■ Data segment
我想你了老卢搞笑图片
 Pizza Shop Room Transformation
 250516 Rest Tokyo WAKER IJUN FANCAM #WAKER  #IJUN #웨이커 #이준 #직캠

■ Task to complete
Reproduce the data, keeping every line exactly the same.

■ Output below
我想你了老卢搞笑图片
 Pizza Shop Room Transformation
 250516 Rest Tokyo WAKER IJUN FANCAM #WAKER  #IJUN #웨이커 #이준 #직캠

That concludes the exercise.